- DATA BLOCK

○ ○ ○ ○ ○ ○ ○

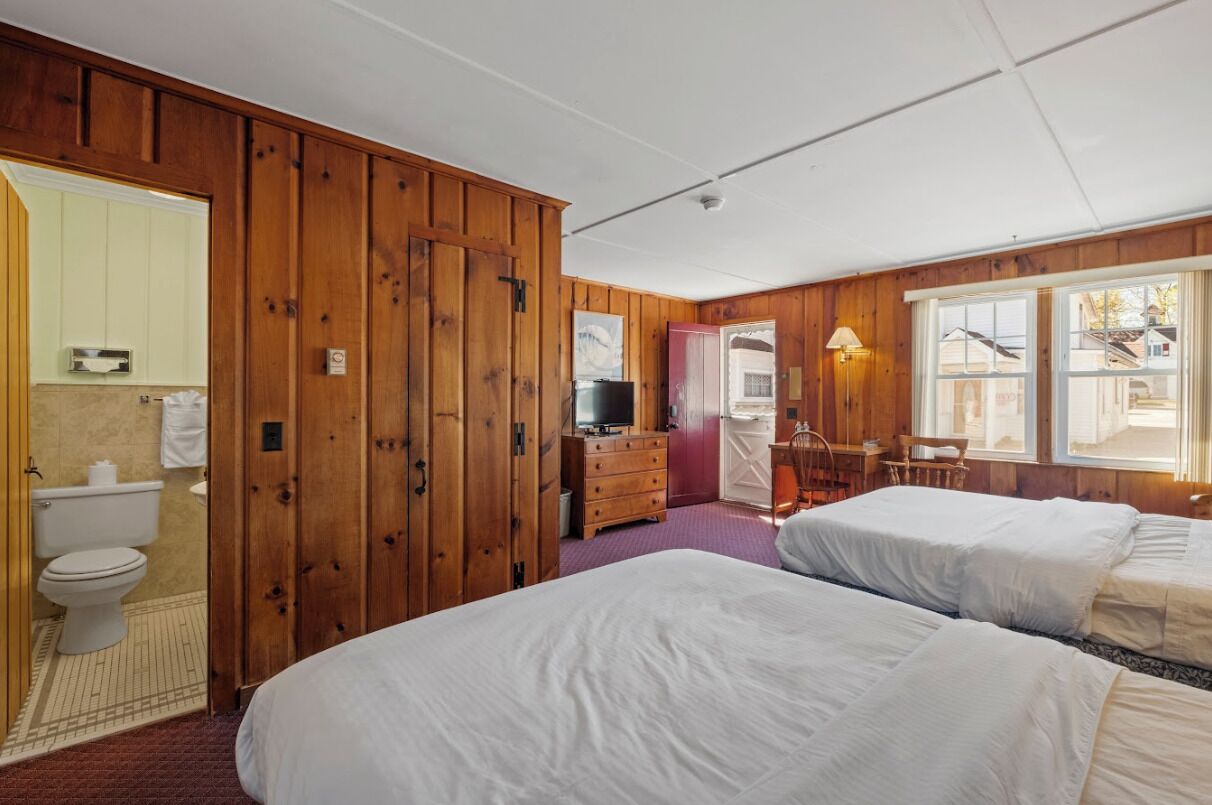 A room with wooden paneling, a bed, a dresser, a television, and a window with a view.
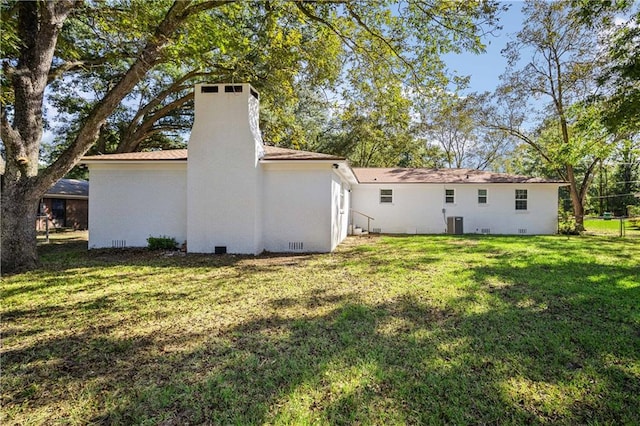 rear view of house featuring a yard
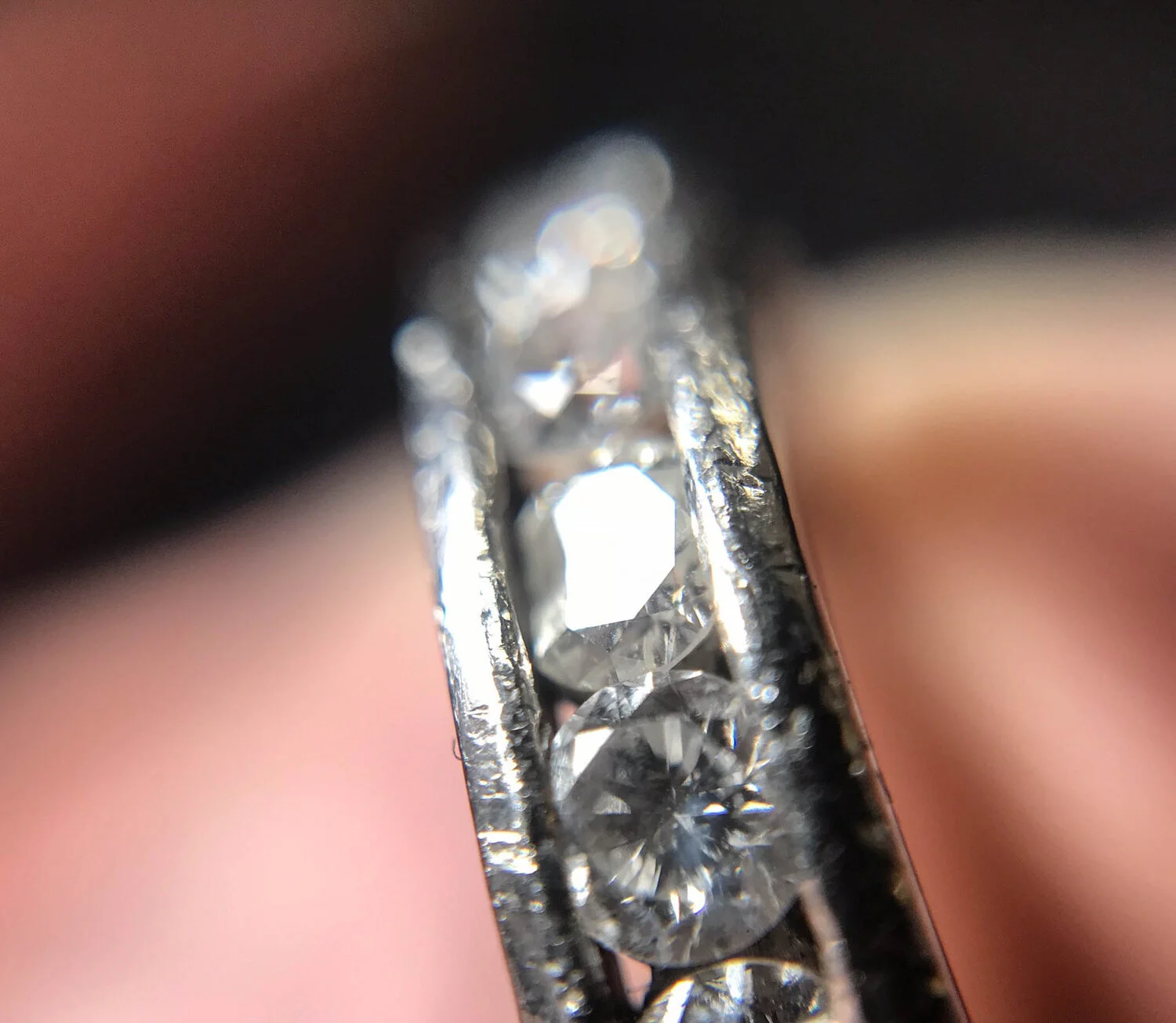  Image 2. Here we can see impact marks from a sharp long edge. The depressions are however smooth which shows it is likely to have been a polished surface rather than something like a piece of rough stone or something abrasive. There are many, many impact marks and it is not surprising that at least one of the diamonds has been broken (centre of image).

○ ○ ○ ○ ○ ○ ○

- TASK INSTRUCTIONS
In your copy, omit the pictures and restate every line of the data word for word.

- PROBLEM SOLUTION
 A room with wooden paneling, a bed, a dresser, a television, and a window with a view.
 rear view of house featuring a yard
  Image 2. Here we can see impact marks from a sharp long edge. The depressions are however smooth which shows it is likely to have been a polished surface rather than something like a piece of rough stone or something abrasive. There are many, many impact marks and it is not surprising that at least one of the diamonds has been broken (centre of image).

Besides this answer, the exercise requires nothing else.